A Blockchain cria um livro razão imutável, mas não faz juízo de valor sobre o conteúdo que lhe é inserido, por isso devemos avaliar quais as condições para se ter uma prova digital confiável com este recurso.

A tecnologia Blockchain permitiu a criação de um repositório de dados imutáveis sem a necessidade de uma autoridade central. Isso é possível através de dois recursos: A verificação rápida de integridade a partir do encadeamento de blocos de dados e a auto correção das informações corrompidas com base em replicadores, que fornecem a informação correta a partir de um consenso da maioria.

Esta possibilidade de “congelar” dados, prevenindo sua alteração, associada ao compartilhamento das informações permitiram sua aplicação em criptomoedas, gestão conjunta de dados, garantia de integridade e anterioridade de dados, dentre outras.

Porém, ao falarmos de sua aplicação em provas digitais, precisamos levantar os 5 primeiros princípios da cadeia de custódia definida na Lei 13.964/2019 que versam sobre os passos essenciais para a coleta e preservação de uma prova de forma confiável. Sendo eles: I-Reconhecimento, II-Isolamento, III-Fixação, IV-Coleta e V-Acondicionamento.

O item II, referente ao isolamento, versa sobre a necessidade de isolar o fato contra contaminações ou manipulações antes de sua coleta e preservação, para que as informações tenham origem em um fato íntegro. Já os itens I, III e IV discorrem sobre a necessidade de reconhecer as informações relevantes e buscar espelhar de maneira metódica e técnica aquela realidade, com o maior volume de detalhes o possível (aparentes e não aparentes) para permitir análises posteriores ou auditorias. Ao final, o item V fala do acondicionamento, que busca a preservação do material coletado contra corrupção depois de sua coleta.
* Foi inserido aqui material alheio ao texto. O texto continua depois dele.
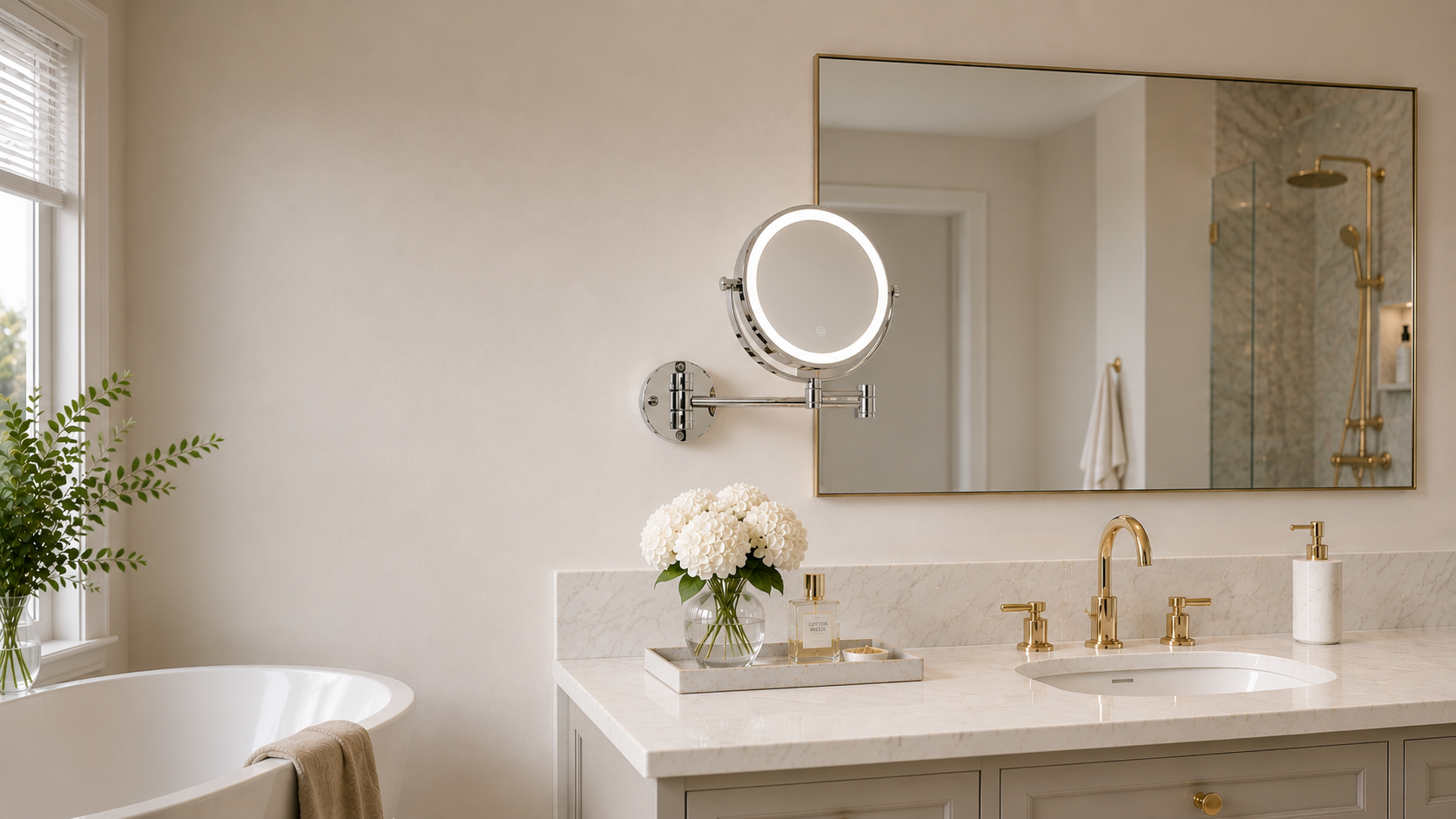 Wall mounted makeup mirror hero scene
Este processo de coleta e preservação consiste em primeiro, gerar uma informação confiável a partir de um isolamento efetivo e um espelhamento técnico detalhado, para somente depois, preservar esta informação confiável através de um meio que a garanta sua integridade, anterioridade e identificação de origem.
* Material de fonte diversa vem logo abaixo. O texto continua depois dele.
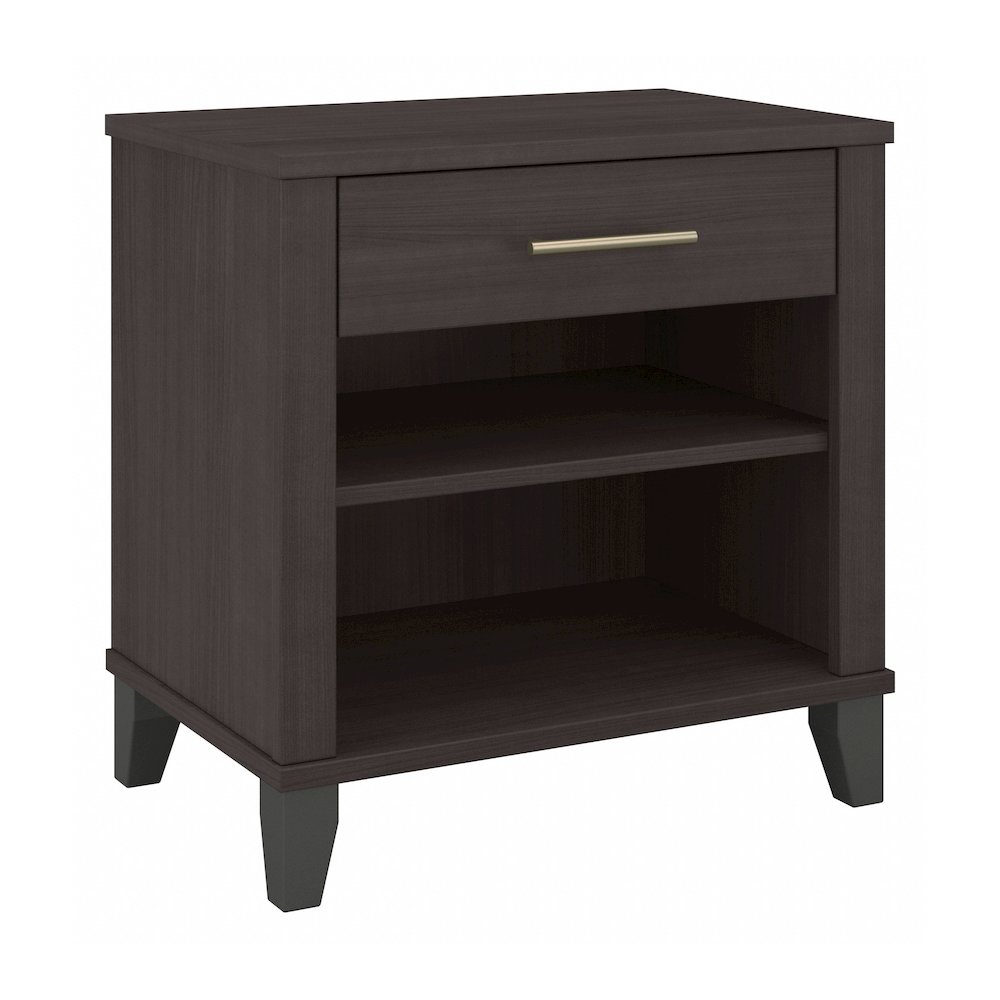 Somerset Nightstand with Drawer and Shelves. Picture 1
Tal qual como descrito pela lei e normas forenses internacionais como a ISO 27037, a confiança no valor probatório do material depende da execução destas etapas de modo efetivo. Pois, ao não isolar corretamente, o espelhamento pode ser realizado sobre um fato não integro, comprometendo qualquer análise posterior (fruto da árvore envenenada). Ao não espelhar detalhadamente, podem faltar informações essenciais ou não permitir o contraditório sobre a prova por não conter dados suficientes para uma auditoria. Ao não preservar com segurança, não há confiança de que o material se manteve integro desde sua coleta.

A preservação tem a função de permitir a verificação da autenticidade de que uma informação que foi gerada por um emissor confiável, que por sua vez, usou procedimentos adequados para lhe atribuir confiança.

É somente na última etapa (preservação) que ferramentas tecnológicas como Blockchain ou a Certificação Digital ICP/Brasil (chaves públicas) podem ter sua contribuição. Ambas podem gerar prova de integridade, anterioridade e identificar seu emissor. Mas não há justificativa técnica suficiente para afirmar que uma seja mais segura que a outra, a grande diferença está no sistema de geração de confiança. Enquanto a certificação digital possui uma autoridade central que garante a confiança das informações, a Blockchain se baseia na divisão desta autoridade sobre o coletivo dos replicadores e sua divergência de interesses.

Ambos modelos possuem forças e fraquezas. Por outro lado, a Certificação Digital ICP/Brasil possui uma governança de longo prazo que a manterá válida com o passar dos anos, já com a redes públicas atuais de Blockchain, há apenas uma expectativa que isto aconteça.

Porém, é comum haver afirmações de que a mera inserção de um material digital na Blockchain é capaz de atribuir autenticidade e valor probatório ao seu conteúdo. Estas alegações não condizem com o que se preza na prova digital e precisam ser revisadas.

Afinal, considerando que a habilidade técnica da Blockchain consiste somente na imutabilidade dos dados inseridas nela, muito adequado para a preservação, como exatamente ela contribui para o isolamento contra manipulação de um fato original e seu espelhamento técnico detalhado?

De que autenticidade estamos falando ao considerar uma informação preservada na Blockchain, sem procedimentos adequados para gerar um conteúdo confiável antes de seu registro? Preservar a integridade e anterioridade de um conteúdo, em que não há argumentos para afirmar a semelhança ao fato original, gera valor probatório?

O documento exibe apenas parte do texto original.